Your Data Backup Strategy in AWS
Using AWS Services for Data Backup
As a part of your business continuity and disaster recovery practices, it’s extremely important to have a data backup strategy in AWS. Under the Shared Responsibility Model, AWS provides you with services to manage data backup, but it is your responsibility to configure these services to align with how and when you back up data. AWS provides several backup and recovery services, including:
- AWS Backup is a fully managed backup service for automating backups across AWS services.
- Amazon S3 Glacier and S3 Glacier Deep Archive are the storage classes of S3 for data archiving and long-term backup.
- Amazon EBS provides block storage and has a snapshot feature that lets you back up EBS volumes for use with Amazon EC2.
- AWS Storage Gateway is an option for hybrid cloud storage, giving you on-premoses access to cloud storage.
- Amazon EFS works with EC2 instances to provide scalable file storage.
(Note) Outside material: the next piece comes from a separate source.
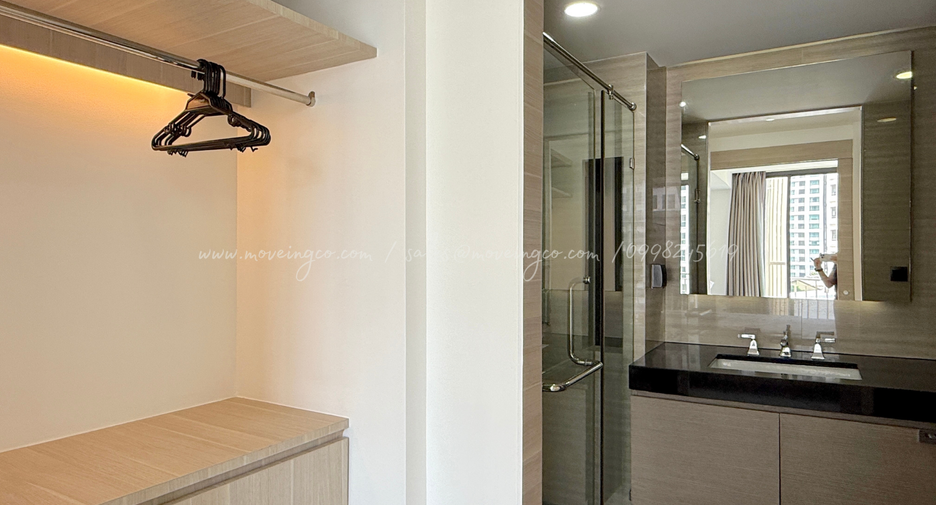 Condo en alquiler y en venta de 1 habitaciones en Pathum Wan, Bangkok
There are so many things that you can back up in AWS – EC2 instances, EBS volumes, DB instances. It’s crucial to establish your data backup strategy, and properly configure the AWS services that you choose to use.
Transcription
AWS provides you with the capability of managing your data backup strategy within your environment, but it is your responsibility to ensure that you are following your expectations for how, when, and how often you manage your data backups. You will see services within AWS that end with the word “snapshot.” This can be a valuable component of your data backup strategy. You will have EBS snapshots or you’ll have RDS snapshots. They also provide you with the service AWS Backup. This is the way that you can configure and manage your EBS volumes and their backups. You can back up your EC2 instances. You can back up your RDS. This is your responsibility because it is up to you to determine when we want to be able to go back and restore from a different point in time.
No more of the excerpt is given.